There are moments that transcend sports, actions that get seared into the public consciousness and alter the course of history.
The Milwaukee Bucks’ decision not to play their playoff game – and the NBA in turn postponing the day's games – is one of them. By refusing to take the court Wednesday afternoon, the Bucks are forcing America to confront what too many would rather ignore, excuse away or, worst of all, accept.
Systemic racism, the poisonous attitudes and mindset that allow a police officer to treat a Black person as if they have no worth, no humanity, is woven tight into the fabric of this country. Every aspect of American society – be it education, housing, our criminal justice system, banking, you name it – is guided by racism.
We want sports to be our escape, to allow us to forget about the evils of the world for a couple of hours. But there can be no more escape. Black athletes are tired of being used for our amusement only to be treated like trash as soon as they take off their uniforms.
“We’re fed up. Enough is enough,” Alex Lasry, senior vice president of the Bucks, said on Twitter. “Change needs to happens.”
For three months now, ever since a white police officer knelt on George Floyd’s neck and squeezed the life out of him, America has been reckoning with our most original sin. But despite marches and protests, despite ad campaigns and T-shirts, despite promises that this time will finally be different in a away it wasn’t after Eric Garner, Philando Castile, Tamir Rice and far too many others, not a damn thing has changed.

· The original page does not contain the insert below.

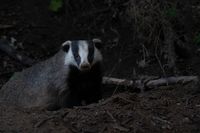 «Все равно, что выиграть в лотерею»: волгоградский фотограф, спасаясь от диких кабанов, сняла очаровательного барсука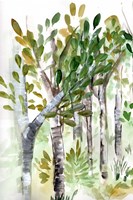 Birch Forest I Fine Art Print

On Sunday afternoon, a police officer pumped seven bullets into the back of Jacob Blake, whose great “crime” seems to be disobeying an order to stop. Blake is still alive, fortunately. But for Black people, his shooting was further proof that their lives really don’t matter to America. That we’re never going to accept their full humanity.
The game clock sits at 0.0 after the scheduled start time of Game 5 between the Bucks and Magic. (Photo: Kevin C. Cox, Pool Photo-USA TODAY Sports)

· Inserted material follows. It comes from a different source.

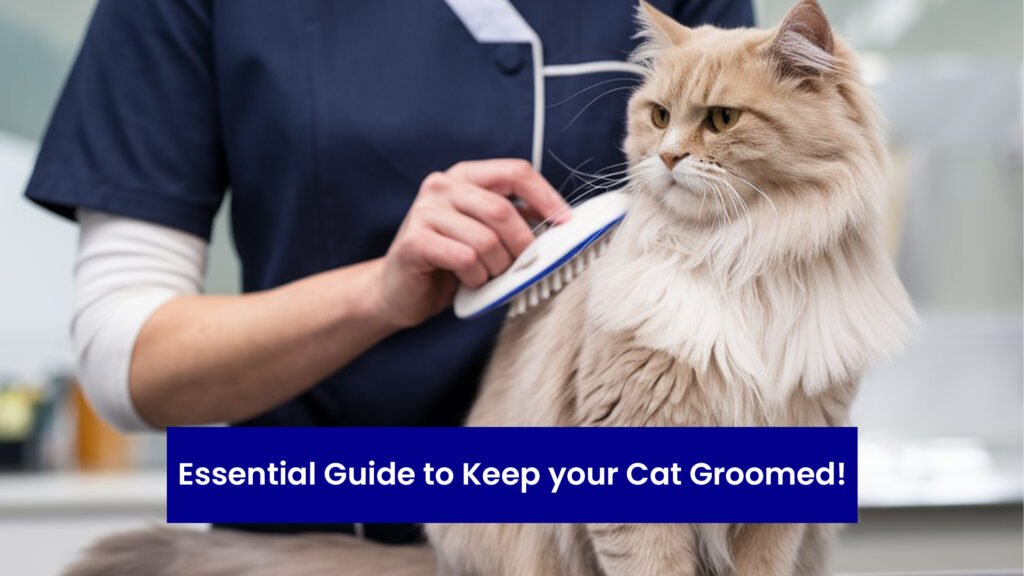 Essential Guide to Keeping Your Cat Groomed image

For three days now, just as they have after all the other incidents of police brutality, Black athletes have been baring their souls, asking what more they need to do to achieve that liberty and justice that is supposedly for all.
“We keep loving this country,” Los Angeles Clippers coach Doc Rivers said Tuesday night, his voice thick with emotion. “And this country doesn’t love us back.”
But the Bucks’ protest shows they are tired of asking. They are tired of talking when no one is actually listening. They’re tired of waiting quietly for change that has not yet come.
For the Bucks, as much as anyone, this is deeply personal. Kenosha, where Jacob Blake was shot, is about 40 minutes south of Milwaukee. Milwaukee remains one of, if not the most segregated cities in the country, and Bucks players have not been immune from the effects of that discrimination.
In January 2018, Sterling Brown was abused by Milwaukee police. In October 2015, a jewelry store owner called 911 on John Henson. Bucks owners have been outspoken in saying this country needs fundamental change, starting in their hometown.
One NBA game unplayed might not seem seismic. But it is the small gestures – the raised fists of John Carlos and Tommie Smith, the bent knee of Colin Kaepernick – that have led to the biggest changes.